WORK INSTRUCTION >> Only the pictures are to be left out, and the rest of the entries should be reproduced exactly.

GIVEN RECORDS section start

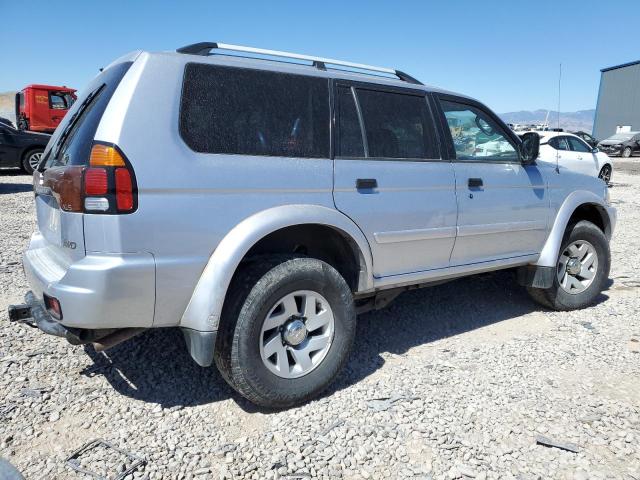 JA4MT31R94J008549 - 2004 MITSUBISHI MONTERO SPORT XLS SILVER photo 3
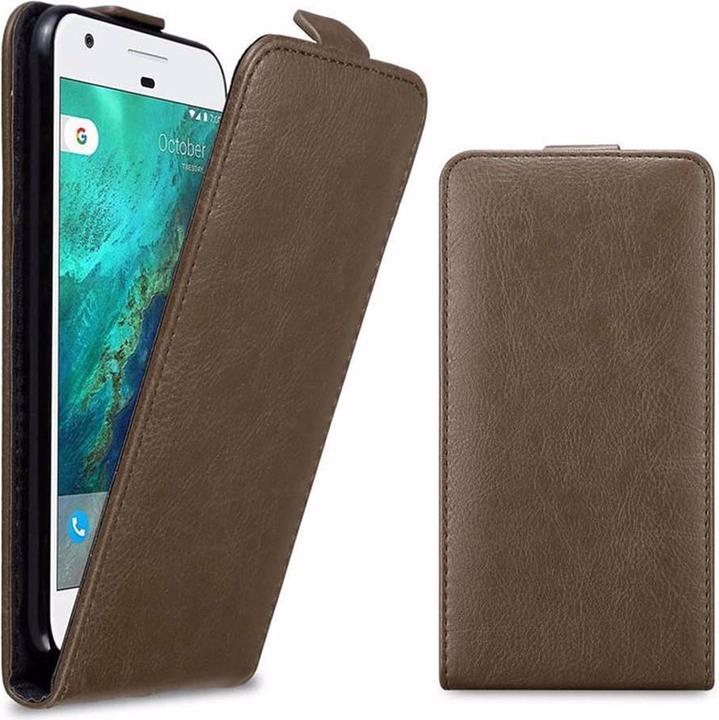 Image du produit Cadorabo Flip comme Invisible Cover (Google Pixel)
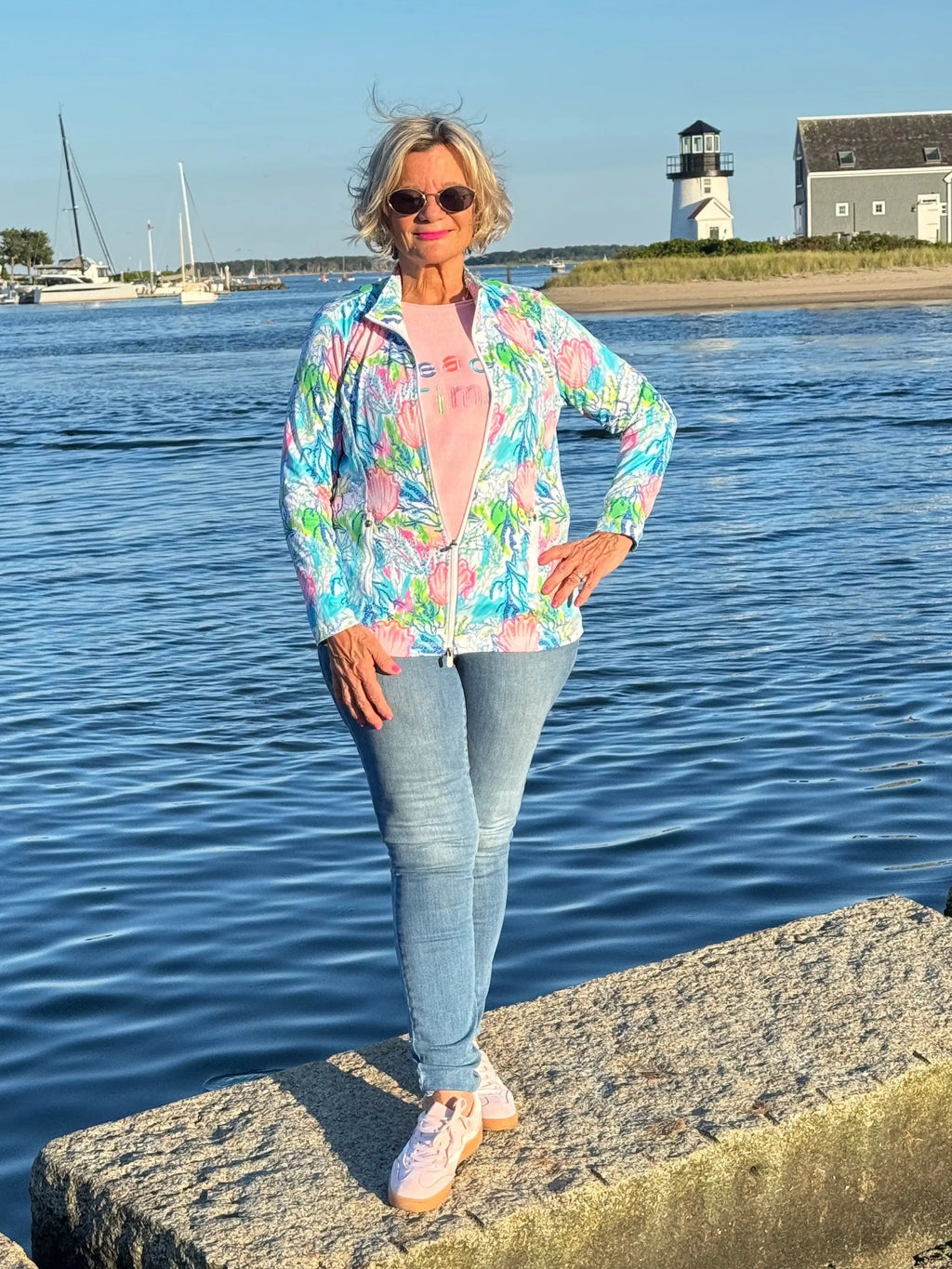 LULLU-B BEACHTIME SWEATER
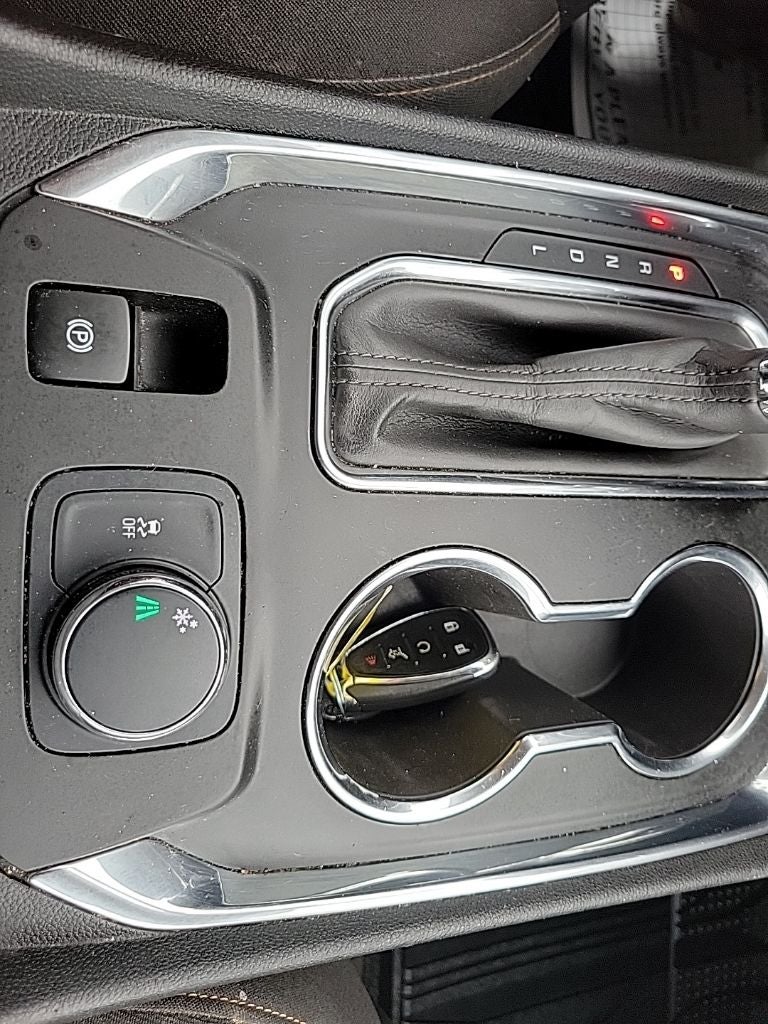 2020 Chevrolet Traverse LT 1LT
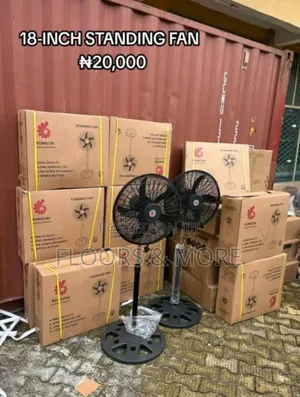 Rongtai Standing Fan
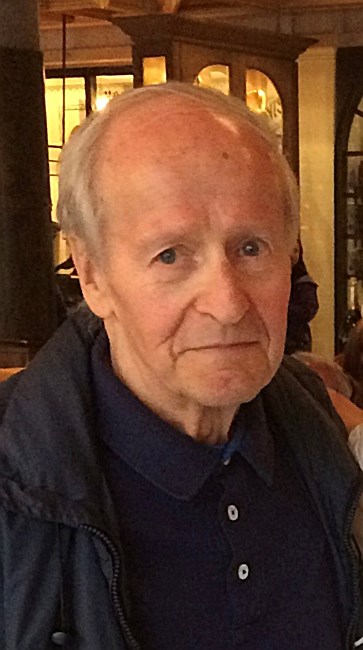 Obituary of Dan Peter Barry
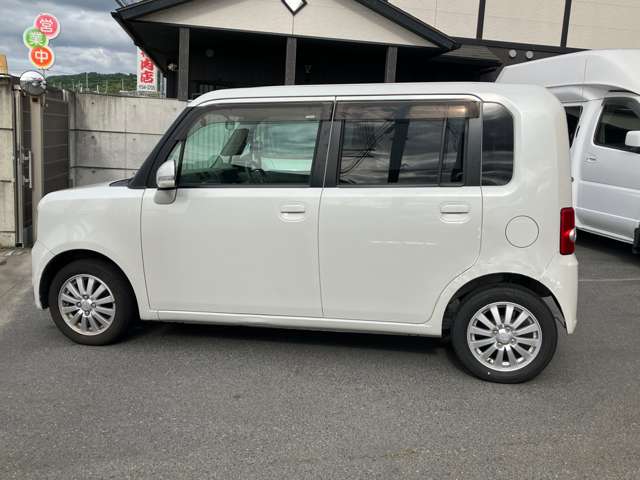 2008 Daihatsu Move Conte – thumbnail 2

GIVEN RECORDS section end

SOLUTION TO THIS PROBLEM >>
 JA4MT31R94J008549 - 2004 MITSUBISHI MONTERO SPORT XLS SILVER photo 3
 Image du produit Cadorabo Flip comme Invisible Cover (Google Pixel)
 LULLU-B BEACHTIME SWEATER
 2020 Chevrolet Traverse LT 1LT
 Rongtai Standing Fan
 Obituary of Dan Peter Barry
 2008 Daihatsu Move Conte – thumbnail 2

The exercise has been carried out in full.